The Baron von Hammer-Purgstall has been too long and too advantageously known to the public to render any detail of the services he has done to the reading world necessary to our countrymen, any more than to his own. We have ourselves been happy to allude to them on previous occasions; and it therefore only remains for us at present to specify more distinctly to our readers, that the nature of those services consists less in the researches of historical and archaiological curiosity, as respects the East, than in the transportation of its scarcely less known or less valuable treasures of the belles letlres into Europe. We are far from desiring to intimate that this learned writer has not, on the former grounds alone, considerable claim to our attention and gratitude. His History of the Ottoman Empire is a triumphant reply to any such supposition, if it still exist; and his opinions and suggestions on philosophical and philological antiquity, even though attended with that doubt which must of necessity rest on a question so totally unexplored to this day, deserve in general the respect which they have met with from ourselves in particular; as elucidating in some degree, and directing farther inquiry upon, topics which the vainest of the learned world confess as hopelessly beyond their reach.
It is, however, our province to enter here only upon the last of the points suggested above. If the philologist is useful to science, the linguist is not less indispensable to intellect, as its translator. He brings from every country and climate, not indeed the specimens of its geological strata and formation, nor the bases of its constitutional laws, to account for the existence of kingdoms, but he gathers, with a warmer and tenderer feeling, the riches that nature has loved to lavish on their soils; to pluck the flowers of imagination that embellish the surface of the earth, and bring home the gems of genius from foreign mines, to beam and brighten in the loveliness of his native land: nor is his labour thankless. If the mere philologist, in his slow but deep-endearing task, hears the cold voices of the past amidst silent ruins, and finds the very clay beneath his feet conserve the impress of a lost existence; if he rests satisfied with the praise of learning and the approbation of the wiser few, the mere linguist (must we so call him?) may well be content with the meed of more general applause; with having caught the hues of feeling as they rose diversified through every climate, inhaled the breath of passion in its sultriest glow, and bared to sympathizing eyes the phases of the distant heart, as it waned or developed through every change of splendour, obscuration, or eclipse.

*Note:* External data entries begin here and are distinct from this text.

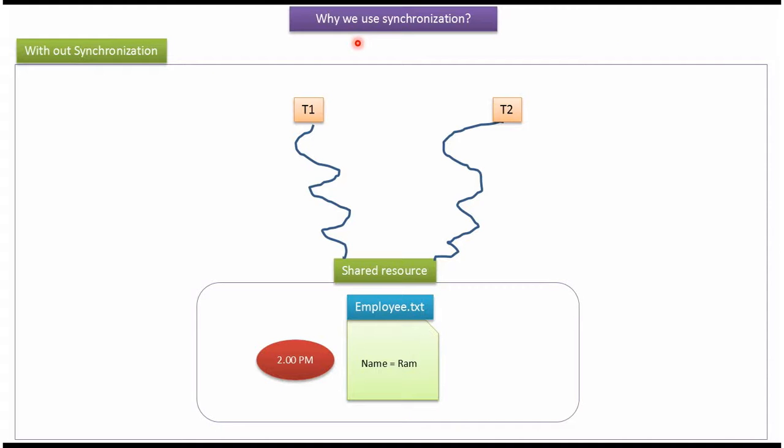Hi, in this video tutorial I will cover why we use synchronization. First we will see without synchronization what problem we will face.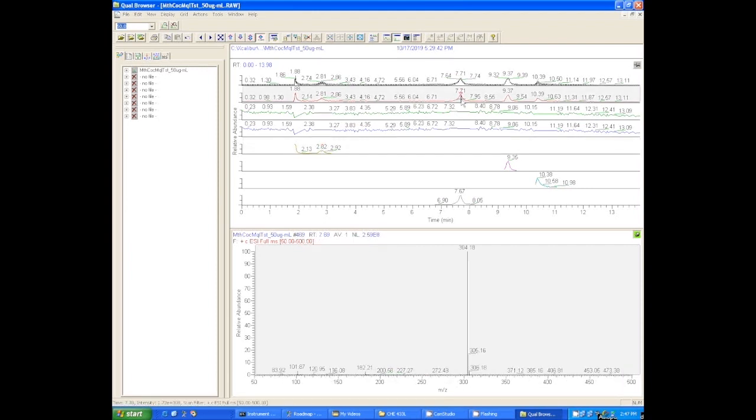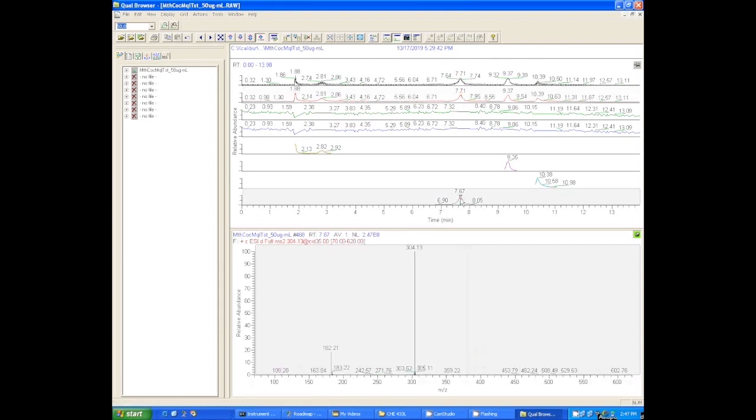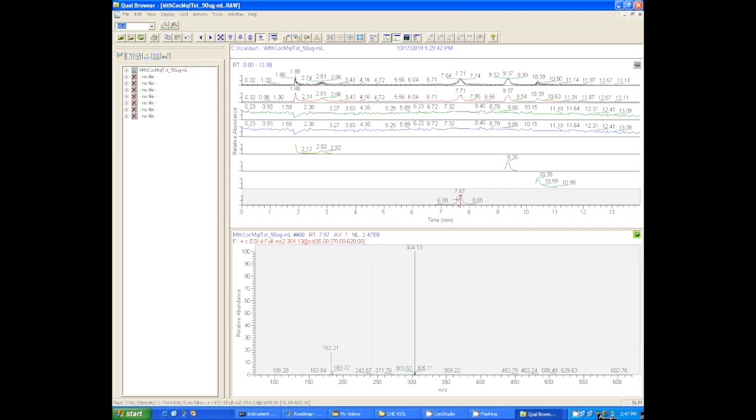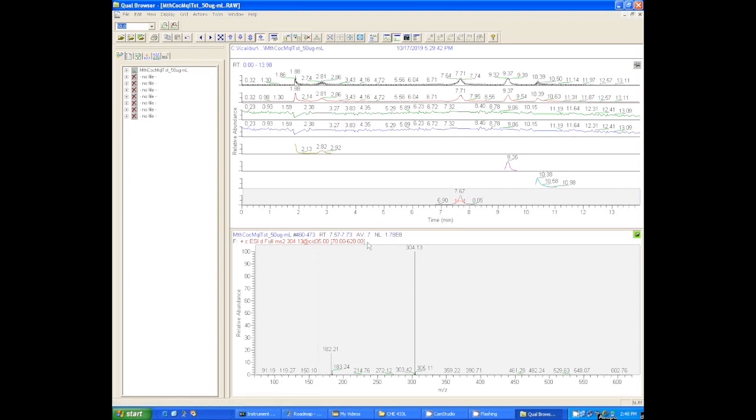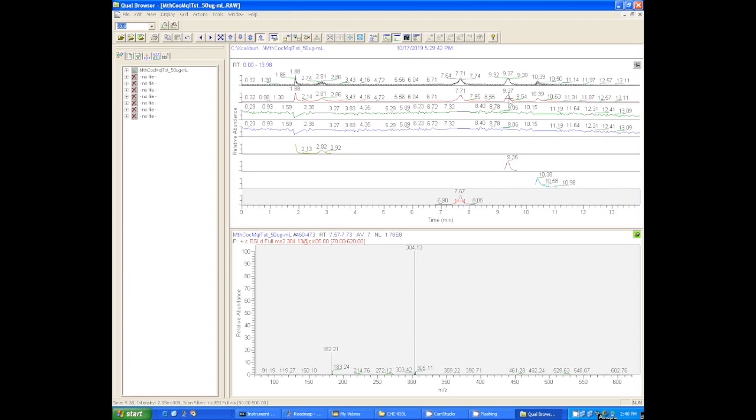We can do the same thing here for the cocaine peak. We click on the MS1 spectrum, the second one down, and we get that peak at 304. Now we go down to the bottom one where it got the MS2 spectrum for cocaine. You can see here we didn't use enough energy because we do get that 182 MS/MS peak, but we still have a lot of that 304 left over. So it might be smart to go back and increase the MS/MS collision energy a little bit more.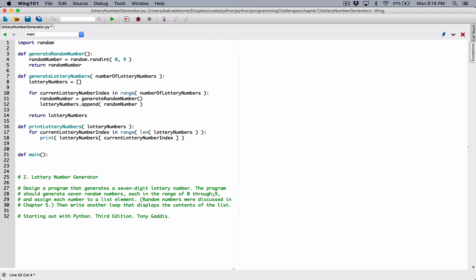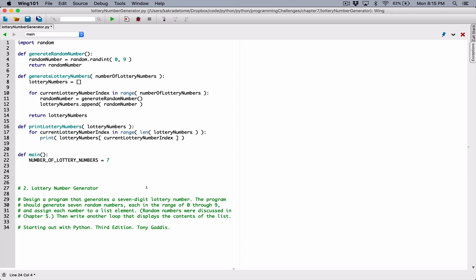By public convention, when you're naming a constant, you make sure the name is all uppercase, and if it's more than one word you separate each word with an underscore. So I want to call this NUMBER_OF_LOTTERY_NUMBERS, and I'm going to assign it seven, because the question said we should generate seven lottery numbers.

But it is not restriction to the barren line of labour that, in either of these instances, can produce such results. However narrow may be the general range of the human mind, its powers are not necessarily contracted into single channels. Genius may be combined with study far more frequently than is always admitted; and the spirit that could breathe over the profoundest philological investigations the soft and chastened yearnings of the Sanscrit muse, might receive from even a linguist and avowed translator, suggestions on philology, founded certainly in fact, however extravagant or fanciful some one deduction might appear.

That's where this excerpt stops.